Each art form has its merits, but when it comes to your special day, it might be best to hire both a photographer and a videographer. “They are not competing media, they are complimentary art forms and you really want to have both,” states Bernier. “When you put the two together at a wedding, it paints a more complete picture from start to finish.”
Finding the Right Videographer
If considering a video, the first thing to do is get referrals from recently married couples or vendors you’re working with. Couples should view at least two or three sample videos taken from more than one wedding; but they should also see work from delivered wedding videos as the client received it. “Look at their wedding DVDs and see if it’s the style you’re looking for,” states Stepheny Keith, owner, Black Sheep Video. Today’s videos are finely crafted films available in a variety of styles such as candids, documentaries, and movies. “It’s important to ask what the videographer’s shooting style is,” says Keith, “and if they are open to your style and your ideas, because every wedding is different.”
Also, choose a style that five, ten, twenty years down the line won’t look dated and doesn’t have special effects that look like a 1970s rerun of Star Trek. “When it comes to special effects,” states Bernier, “there’s a vast range available in wedding videos today. We see everything from simple black-and-white videos—which can be very elegant—to fake rose petals falling from the sky. In a number of years, because technology will no doubt improve, that’s going to look fake and very hokey.

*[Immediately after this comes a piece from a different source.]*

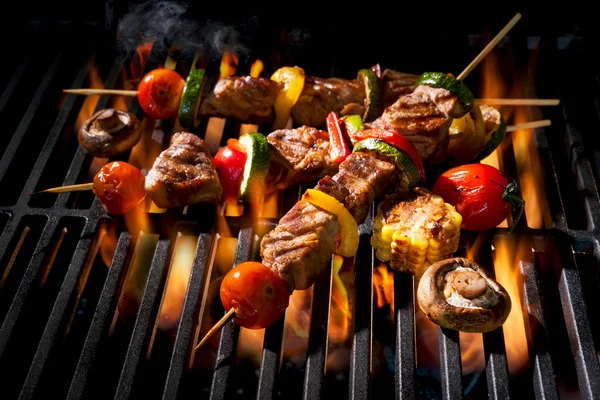 Kebabs de carne com legumes na grelha flamejante — Fotografia de Stock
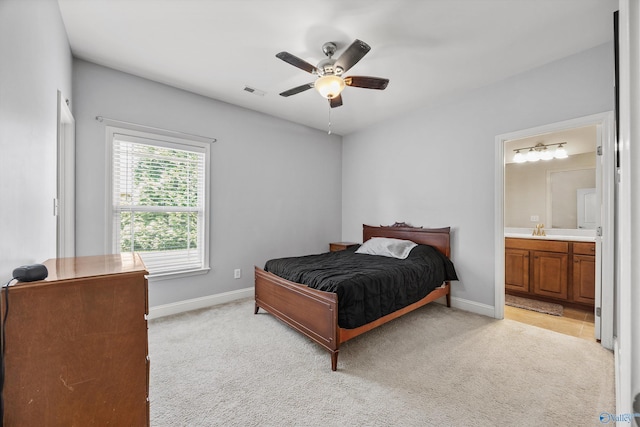 105 Cherrywood Dr, Madison, AL 35756 - bedroom featuring light colored carpet, connected bathroom, and ceiling fan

“Look for stable, not shaky footage, and beware of excessive use of black-and-white and sepia, which is often used to hide poor exposure. And skin color should look natural,” continues Bernier. “The videographer has to have the expertise to know how to set the camera in different situations—shade, direct sunlight, etc.—for the skin tones to be correct.” Don’t be afraid to ask technical questions such as, what type of camera is being used and how many? “A videographer should be using professional, state-of-the-art, broadcast quality, digital equipment (3-chip digital camera) and not outdated analog equipment,” states Bernier. “They should also be using a non-linear editing system, and everything needs to be delivered on DVDs,” adds Keith, “because they’re going to last forever.”